Worsening Of Patient Appearance After Filler Injection
Worsening of patient appearance after filler injection will be regarded by the patient as a major complication and should be addressed promptly. Minor imbalances in symmetry that are corrected on a follow-up visit are common and the patient should be forewarned prior to treatment. Unanticipated major imbalances in appearance are more easily dealt with when hyaluronic acid fillers have been used because hyaluronidase injections can dissolve the excess filler.

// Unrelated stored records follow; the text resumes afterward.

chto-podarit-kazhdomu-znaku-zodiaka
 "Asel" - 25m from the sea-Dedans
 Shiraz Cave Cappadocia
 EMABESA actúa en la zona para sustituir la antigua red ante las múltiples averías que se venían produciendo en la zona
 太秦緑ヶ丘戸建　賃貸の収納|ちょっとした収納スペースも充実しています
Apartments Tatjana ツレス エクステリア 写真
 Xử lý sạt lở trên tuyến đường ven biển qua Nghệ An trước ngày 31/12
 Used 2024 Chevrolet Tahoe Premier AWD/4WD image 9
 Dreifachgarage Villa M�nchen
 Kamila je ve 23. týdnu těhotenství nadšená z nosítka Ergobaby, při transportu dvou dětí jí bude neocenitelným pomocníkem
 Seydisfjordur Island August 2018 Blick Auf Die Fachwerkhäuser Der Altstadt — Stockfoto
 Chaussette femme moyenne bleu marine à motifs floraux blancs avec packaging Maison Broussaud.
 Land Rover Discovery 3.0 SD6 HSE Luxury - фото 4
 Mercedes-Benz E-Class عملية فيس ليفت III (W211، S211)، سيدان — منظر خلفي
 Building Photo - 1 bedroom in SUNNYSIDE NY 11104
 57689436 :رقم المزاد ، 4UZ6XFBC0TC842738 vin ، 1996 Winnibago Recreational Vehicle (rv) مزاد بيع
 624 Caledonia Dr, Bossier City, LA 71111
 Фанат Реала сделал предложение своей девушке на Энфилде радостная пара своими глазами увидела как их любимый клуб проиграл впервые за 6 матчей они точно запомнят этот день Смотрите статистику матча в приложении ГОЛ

“Liquid facelifts” offer many advantages over a traditional surgical facelift in properly selected patients. Satisfaction surveys show that greater than 90% of patients who undergo a “liquid facelift” are happy with results. This high percentage of satisfied patients means that as general awareness of this treatment becomes more widespread, the number of such procedures performed will no doubt increase dramatically. The fact that three fourths of this document is devoted to contraindications, risks, side effects, and complications serves to emphasize that the “liquid facelift” should not simply be considered as another “cosmetic treatment”, but rather a serious undertaking that should be carefully considered by prospective patients.